Artificial intelligence promises to transform industrial operations, but in practice the gains are often slowed by one simple reality: manufacturers have petabytes of data, but most of it doesn’t fit together in a way that facilitates real analysis. Operators of refineries, chemical plants and offshore rigs face two stubborn challenges. The first is that the data is extremely diverse. The second is that none of them are connected.
On the diversity side, plant managers must manage three very different streams of information. There are unstructured documents, like PDFs and schematics. There are structured business records from ERP and maintenance systems. And there are massive volumes of time series data flowing in from equipment sensors: lots of updates with little context. Each requires its own storage and management approach. This creates silos that make it difficult for operators to combine workforce planning with operational needs.

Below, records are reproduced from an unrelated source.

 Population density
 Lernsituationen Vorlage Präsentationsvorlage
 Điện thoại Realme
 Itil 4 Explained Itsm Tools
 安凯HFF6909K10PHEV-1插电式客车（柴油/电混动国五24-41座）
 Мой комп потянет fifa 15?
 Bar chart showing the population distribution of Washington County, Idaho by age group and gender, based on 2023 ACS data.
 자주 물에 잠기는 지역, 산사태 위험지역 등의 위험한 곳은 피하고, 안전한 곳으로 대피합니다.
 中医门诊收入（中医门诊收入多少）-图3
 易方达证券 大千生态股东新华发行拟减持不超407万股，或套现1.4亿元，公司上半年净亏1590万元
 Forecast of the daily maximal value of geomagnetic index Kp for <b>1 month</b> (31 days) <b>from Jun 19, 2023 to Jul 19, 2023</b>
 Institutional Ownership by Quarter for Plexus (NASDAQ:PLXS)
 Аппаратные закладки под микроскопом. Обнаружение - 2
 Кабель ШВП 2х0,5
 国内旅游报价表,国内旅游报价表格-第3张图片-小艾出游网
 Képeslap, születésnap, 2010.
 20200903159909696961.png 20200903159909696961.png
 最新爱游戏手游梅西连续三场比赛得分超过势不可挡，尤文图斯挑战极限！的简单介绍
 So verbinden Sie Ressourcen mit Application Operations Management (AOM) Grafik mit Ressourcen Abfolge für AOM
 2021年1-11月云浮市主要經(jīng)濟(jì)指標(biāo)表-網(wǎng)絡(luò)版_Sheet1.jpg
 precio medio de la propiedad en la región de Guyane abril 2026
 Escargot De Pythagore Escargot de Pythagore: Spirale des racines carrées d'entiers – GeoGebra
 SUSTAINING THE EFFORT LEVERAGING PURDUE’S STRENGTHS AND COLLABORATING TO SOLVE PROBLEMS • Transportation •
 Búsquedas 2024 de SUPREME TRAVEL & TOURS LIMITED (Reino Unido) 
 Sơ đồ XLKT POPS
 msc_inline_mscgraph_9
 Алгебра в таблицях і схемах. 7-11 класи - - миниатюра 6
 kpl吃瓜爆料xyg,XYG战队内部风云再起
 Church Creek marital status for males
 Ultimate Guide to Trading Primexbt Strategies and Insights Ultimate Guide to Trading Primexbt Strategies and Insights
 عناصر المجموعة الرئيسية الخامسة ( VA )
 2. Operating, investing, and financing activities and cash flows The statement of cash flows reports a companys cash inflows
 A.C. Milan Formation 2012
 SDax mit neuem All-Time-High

Even when these silos are merged in a data lake, the mismatch problem remains. The name of a sensor on a schematic may not match the name in the ERP system, and neither matches the physical tag on the equipment. That makes it nearly impossible to connect information across systems. If a field operator wants to see a month of sensor readings, what maintenance was performed, and where the equipment is located in the plant, the task can take hours or days. You cannot make real-time decisions when it takes hours just to find a valve.
One refinery leader described how his team of 800 engineers used to spend two to three hours at the start of each shift just searching for the data they needed before going into the plant. Those hours represent lost productivity, higher costs and safety risks.
This is where AI techniques can begin to make a difference. Entity resolution and semantic matching can align sensor names and tags across different systems, making it possible to connect information that otherwise would not line up. Multimodal search allows operators to retrieve context-rich answers that pull from time series, business systems and documents all at once, rather than looking in each source separately. Knowledge graphs preserve the relationships between different data streams, creating a single view that connects work orders, equipment specifications and sensor values.
Generative AI thrives on context, the rich information that explains what the data is and the relationships, and this is where industrial systems often fall short. Time-series data by itself is just billions of rows of timestamps and values with no understanding of assets, maintenance history, engineering schematics, or operating conditions. And without that context, GenAI results on raw data alone cannot be trusted. By linking all these sources in a knowledge graph, organizations give AI the relational understanding it needs to deliver accurate, verifiable, and operationally reliable insights.This opens the door to new possibilities. Root cause analysis, which often takes months, can be reduced to weeks. Predictive maintenance becomes more accurate. Operators spend less time searching for information and more time acting on it. Safety and reliability improve because decisions are based on a complete and accurate picture of plant operations.
The lesson is clear: to succeed with AI in industry, organizations must first succeed with their data. If the data remains raw and fragmented, AI will fall short. But when companies address diversity, mismatch and context, they can move from data chaos to operational clarity and finally realize AI’s potential in the field.